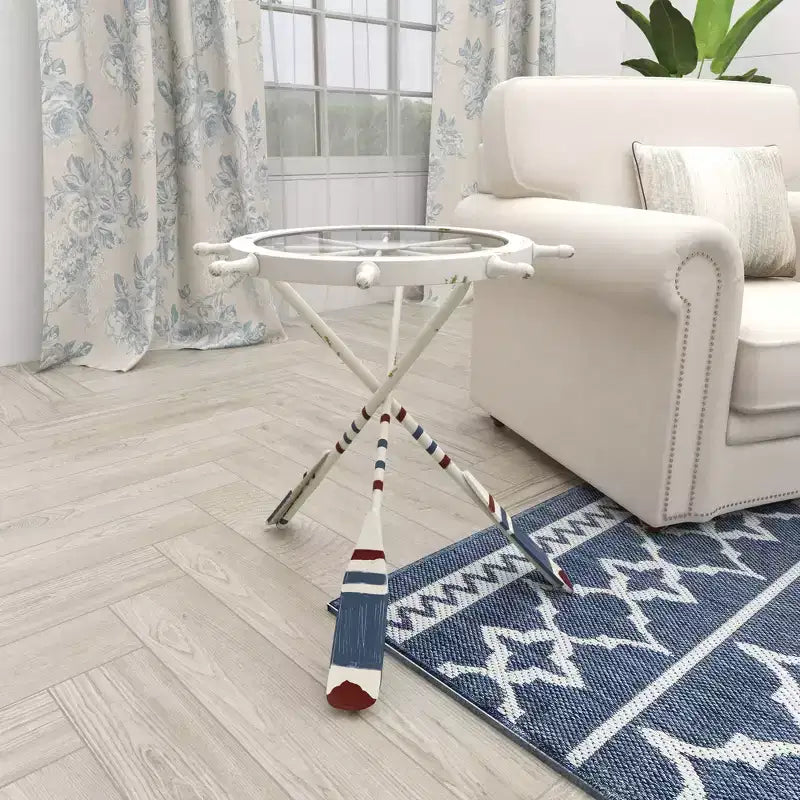 Table ronde en métal blanche : style côtier, 61 cm de hauteur, plateau en verre, sans étagères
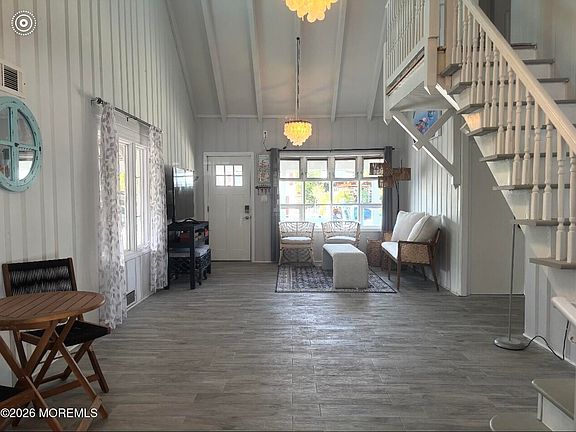 5th image of 53 C St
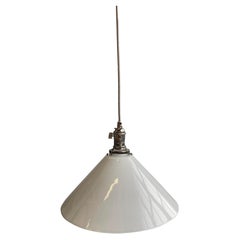 Lampe à suspension en verre cône blanc avec quincaillerie en nickel poli, Neuf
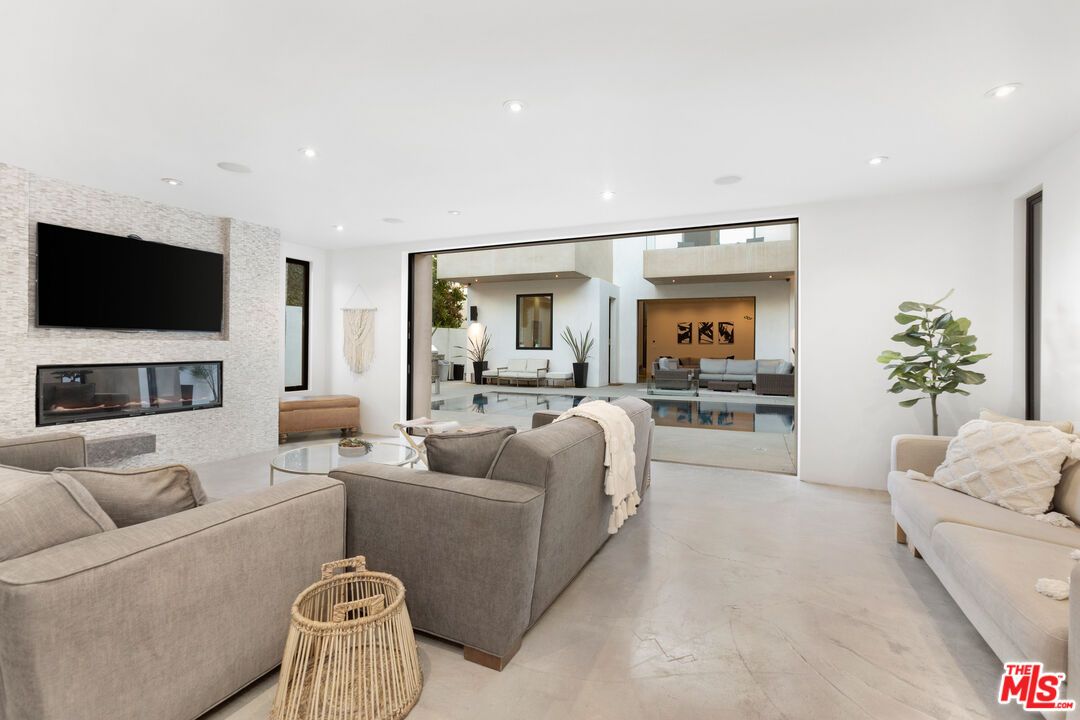 Fireplace, Interior, Living room, Recessed Lighting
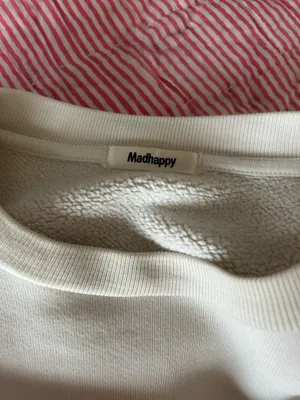 Madhappy Crewneck thumbnail 3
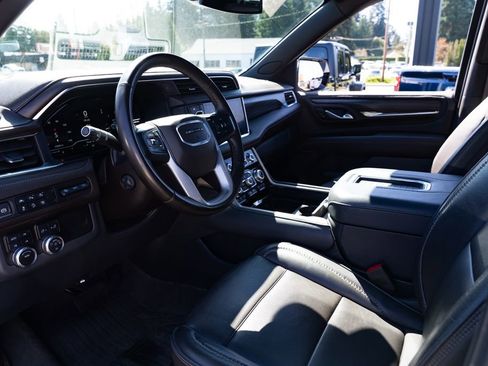 Used 2024 GMC Yukon Denali AWD/4WD image 22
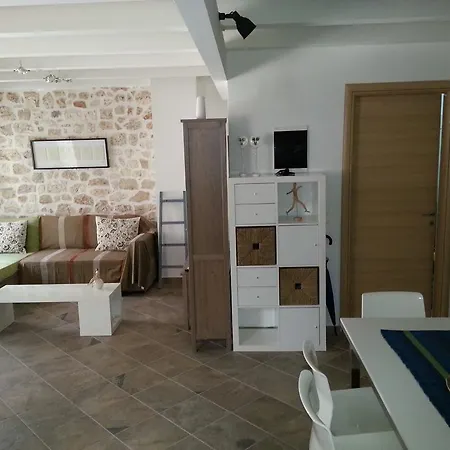 Lavinia Apartament *
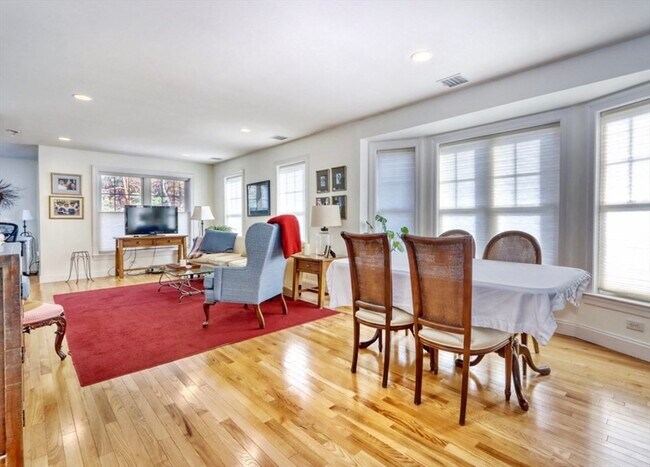 Building Photo - 32 Lagrange St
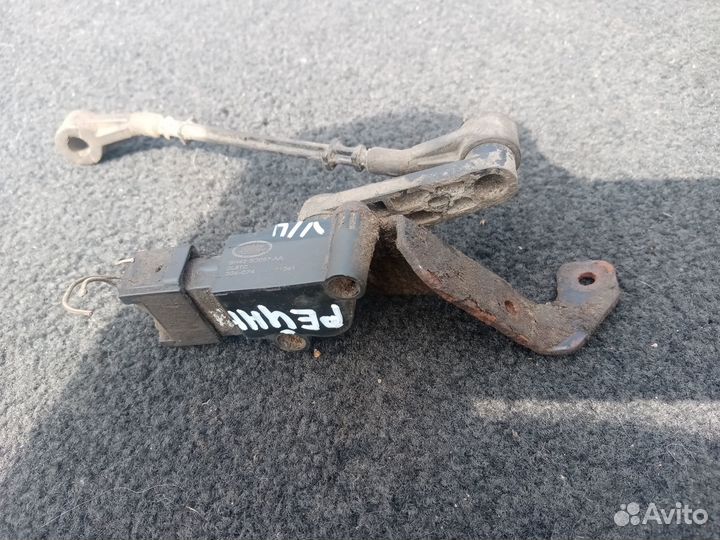 Датчик просвета Ленд Ровер Ренж Ровер 2004 год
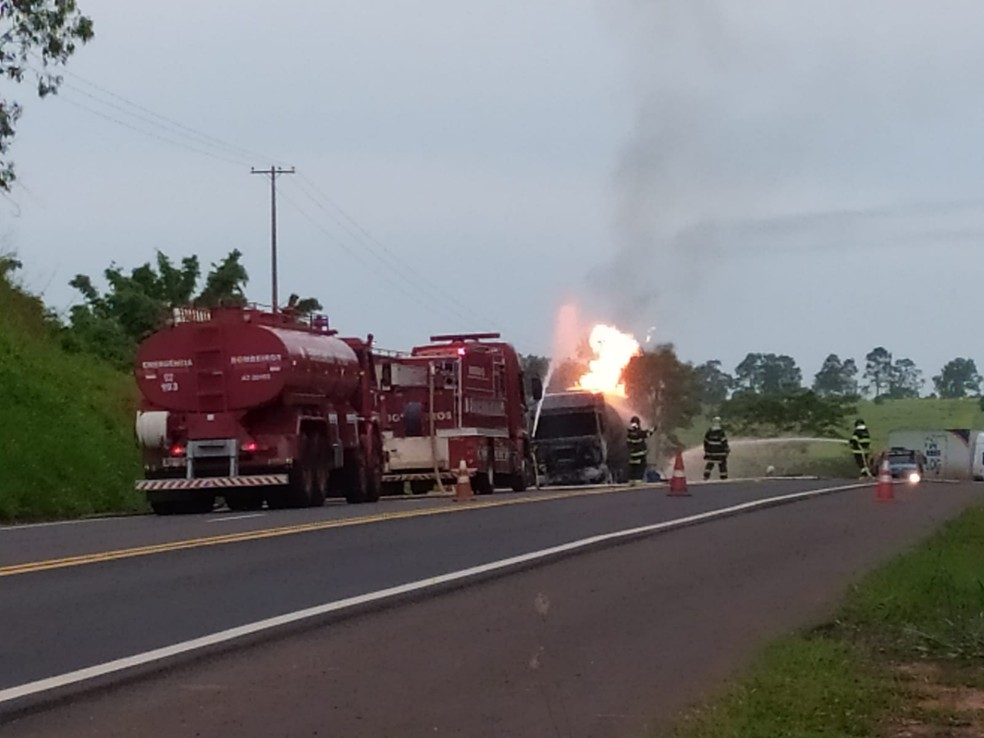 Bombeiros combatendo incêndio em caminhão-tanque entre Birigui e Bilac — Foto: Arquivo pessoal 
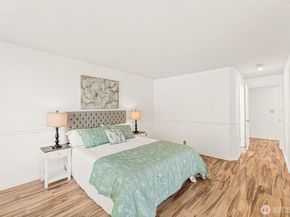 8471 E Caraway Road, Port Orchard WA 98366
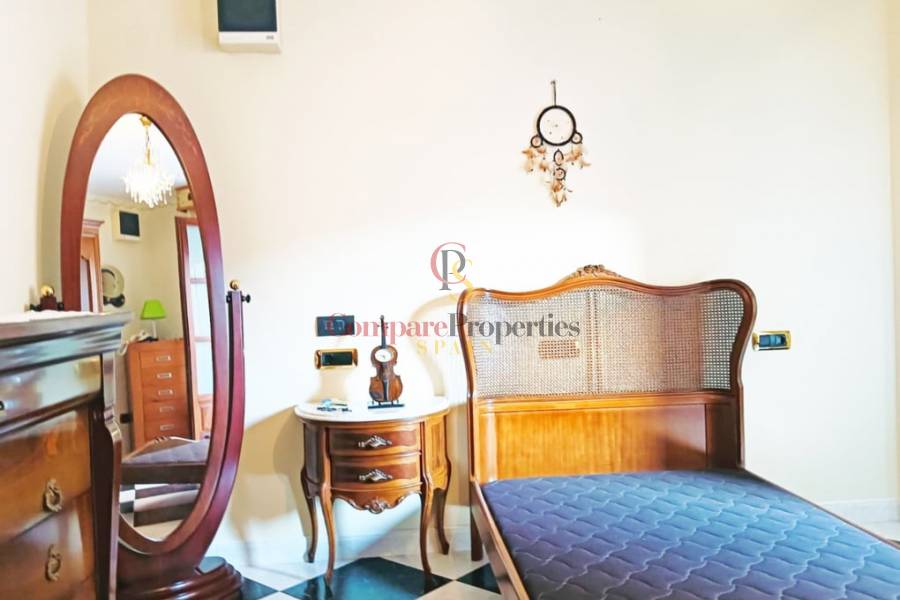 Sale - Villa - Oliva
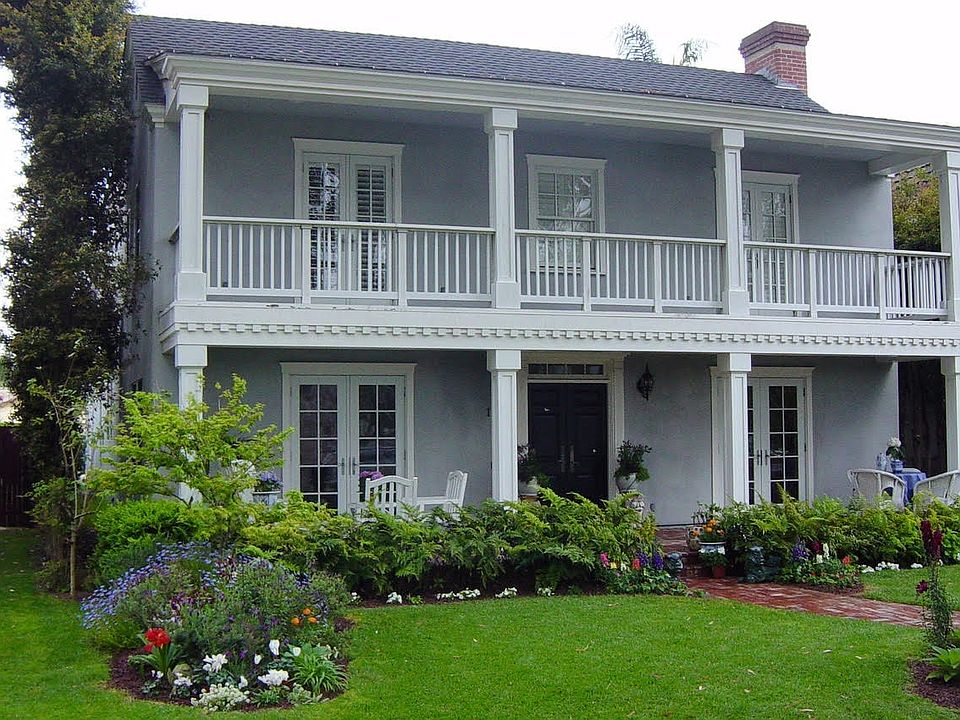 1st image of 161 East Ave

### ACTIVITY
Look above for the line with "5th image of 53 C St" and the line with "Датчик просвета Ленд". Copy them and every line between, exactly, but no pictures.

### YOUR RESPONSE
 5th image of 53 C St
 Lampe à suspension en verre cône blanc avec quincaillerie en nickel poli, Neuf
 Fireplace, Interior, Living room, Recessed Lighting
 Madhappy Crewneck thumbnail 3
 Used 2024 GMC Yukon Denali AWD/4WD image 22
 Lavinia Apartament *
 Building Photo - 32 Lagrange St
 Датчик просвета Ленд Ровер Ренж Ровер 2004 год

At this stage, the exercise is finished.